Gruppe Internationaler Kommunisten (Holland) : p.i.k.: Pressedienst der Internationalen Kommunisten-Holland, 1928-1933. – Transkribiert und herausgegeben für Rätekommunismus ; Mitarbeit von der Association Archives Antonie Pannekoek.


Revolutionäre Gewerkschaftsbewegung in Holland


Quelle:  Pressedienst der g.i.k., 16. September 1928, No. 1 (i.i.s.g. ); Transkribiert und herausgegeben für Rätekommunismus ; Mitarbeit von der Association Archives Antonie Pannekoek.


I. Allgemeine Übersicht

Ohne Zweifel ist es ein bedenkliches Unternehmen, von einer revolutionären Gewerkschaftsbewegung zu sprechen, seit Revolution und Gewerkschaften zu unüberbrückbaren Gegensätzen geworden sind. Und wir wollen denn auch gleich sagen, dass es eine solche Bewegung nur dem Namen nach gibt. Die Gewerkschaften, welche sich mit diesem Namen schmücken, gehören hier in Holland zum Moskau’schen, syndikalistischen und anarchosyndikalistischen Typ.

Über den Moskau’schen Typ haben wir schon früher berichtet in der k.a.z (1). Es war das n.a.s. (Nationaal Arbeids-Secretariaat), das früher alle syndikalistischen Gewerkschaften umfasste, aber mit der Eroberung durch die Kommunisten auseinander fiel (1922).

Die Moskoviten haben insoweit wenig Freude an ihrer Eroberung erlebt, als das n.a.s. sich von der hiesigen k.p.h. loslöste und die Mitglieder bemerkten, dass die Kommunisten die Absicht hatten, das n.a.s. allmählich den freien Gewerkschaften auszuliefern.

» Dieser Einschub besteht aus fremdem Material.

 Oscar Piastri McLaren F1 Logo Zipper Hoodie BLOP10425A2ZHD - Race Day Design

Dass die Mitglieder sich hier durchsetzen konnten, findet seinen Grund hierin, dass auch die Interessen der Führerschaft einer derartigen Überführung widersprachen. Die kommunistischen Führer waren so in Gegensatz zu ihrer Partei gekommen, und selbstverständlich gebrauchten sie den Gewerkschaftsapparat als Werkzeug gegen die Parteileitung. So sind die heutigen Führer keine Syndikalisten, sondern Kommunisten, und so versteht es sich, dass in den letzten Jahren gründlich aufgeräumt wurde mit den syndikalistischen Tendenzen, welche von früher her vorhanden waren. Um diese „revolutionäre“ Gewerkschaft zum brauchbaren Werkzeug in den Händen der Führer zu machen, wurde der Apparat völlig zentral aufgezogen. Der Hauptmacher ist der früher tüchtige Revolutionär Sneevliet (2), der jetzt „seine“ Gewerkschaft gebraucht, um „seine“ Differenzen mit seinen moskovitischen Brüdern auszufechten. Bei den kommenden Wahlen wird er gegenüber der Wahlliste der k.p.h. eine andere stellen, um die Gewerkschaftler ins Parlament zu bringen.

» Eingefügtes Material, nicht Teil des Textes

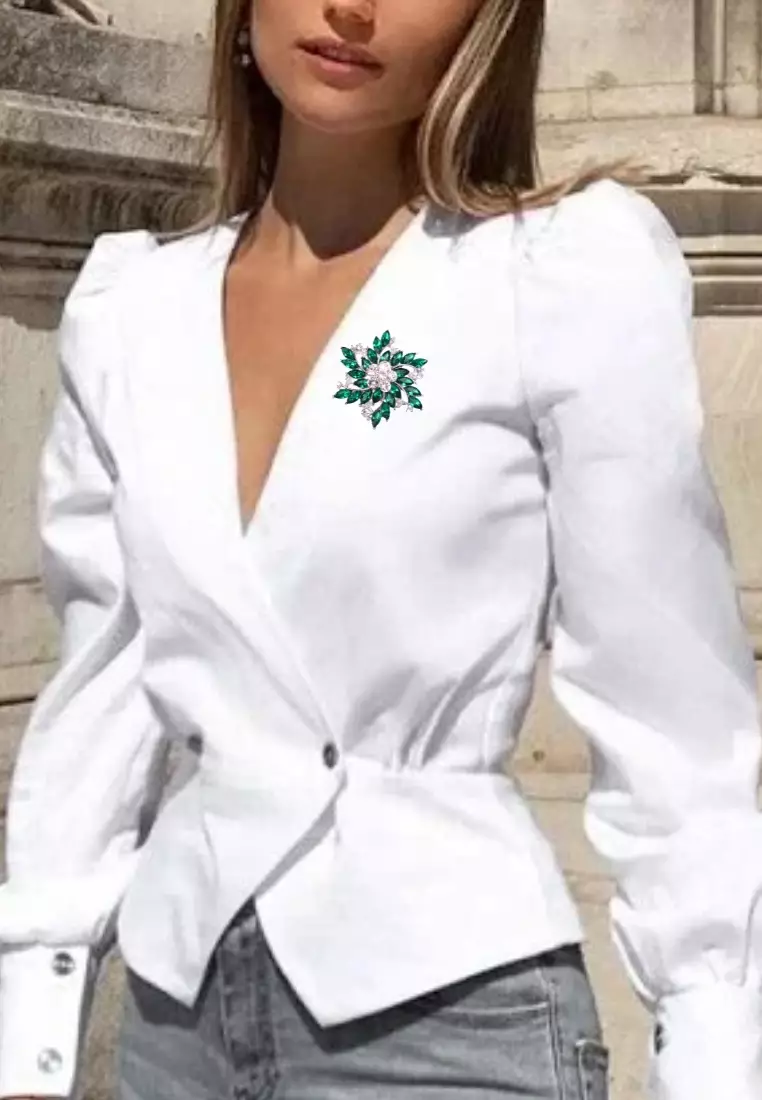 Buy Loveaisyah Brooch Leaf Flower Green Crystal Raya Accessory 2026 ...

So haben sich die ideologischen Verhältnisse in dem vormaligen syndikalistische n.a.s. völlig geändert.

Es ist jetzt parlamentarisch eingestellt, bewegt sich auf dem Terrain der kollektiven Arbeitsverträge, während jetzt auch darauf gepaukt wird, dass er „nicht ganz ablehnend“ stehen kann gegenüber dem sog. industriellen Frieden. Was alles nicht hinwegnimmt, dass diese Gewerkschaften sich noch immer „revolutionär“ nennen.

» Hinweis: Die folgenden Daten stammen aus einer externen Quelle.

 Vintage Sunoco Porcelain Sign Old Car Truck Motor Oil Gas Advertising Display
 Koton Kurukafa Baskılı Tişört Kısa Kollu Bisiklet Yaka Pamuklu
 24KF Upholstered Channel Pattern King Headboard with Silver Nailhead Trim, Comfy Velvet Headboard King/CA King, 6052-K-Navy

Betrachten wir jetzt die Gewerkschaften des „syndikalistischen“ Typs. Diese haben sich zusammengeschlossen in dem n.s.v. (Nederlandsch Syndikalistisch Verbond (3)) unter Führung eines Brot-Syndikalisten, der Lansink (4) heißt. Diese Gewerkschaftszentrale ist eine Absplitterung vom n.a.s..

Als 1922 das n.a.s. nach Moskau segelte, machten verschiedene Gewerkschaften nicht mit, und sie sollten dann den „reinen“ Syndikalismus in ihrer neuen Zentrale, dem n.s.v., hochhalten. Das Geschäft hat aber nicht floriert. In der Praxis konnte von dem „reinen“ Syndikalismus natürlich nichts kommen. Stehend auf dem Boden der „Besserung der Arbeitsbedingungen“ konnten sie nur in Wettbewerb stehen mit den konkurrierenden Organisationen der freien, christlichen und n.a.s.-Gewerkschaften. Daraus musste die dreckigste Koalitionspolitik hervorgehen. Ihre Losungen direkte Aktion, Antiparlamentarismus und Selbständigkeit der Arbeiter konnten sich hierbei nicht anders als Farcen auswirken. Sie lebten und leben immer in „Interessengemeinschaft“ mit katholischen, christlichen und freien Verbänden, weil eben sonst keine „Verbesserungen“ für die Arbeiterschaft zu erkämpfen sind. Viel zu unbedeutend, um selber „Politik“ zu machen, müssen sie also von der Koalitionspolitik leben. Findet der ökonomische Parlamentarismus seinen Ausdruck in der Bereitschaft zum Abschluss von kollektiven Verträgen, auch der politische Parlamentarismus ist nur dem Namen nach da. Es gibt in Holland eine Körperschaft, welche die Minister informiert und Ratschläge gibt bei der Zusammensetzung der Arbeitsgesetze. In dieser Körperschaft hat der antiparlamentarische n.s.v. auch einen Vertreter, um mit diesen Gesetzen zu machen, was davon eben zu machen ist.

Aus allen diesen Dingen geht schon hervor, dass dieser n.s.v. eine Führerbewegung vom reinsten Wasser sein muss. Dies ist tatsächlich der Fall. Wie unglaublich es klingen möge: dieser „reine“ syndikalistische n.s.v. mit seinen 4 000 Mitgliedern verfügt über nicht weniger denn 14 bezahlte Führer, welche ƒ26 000 pro Jahr einheimsen.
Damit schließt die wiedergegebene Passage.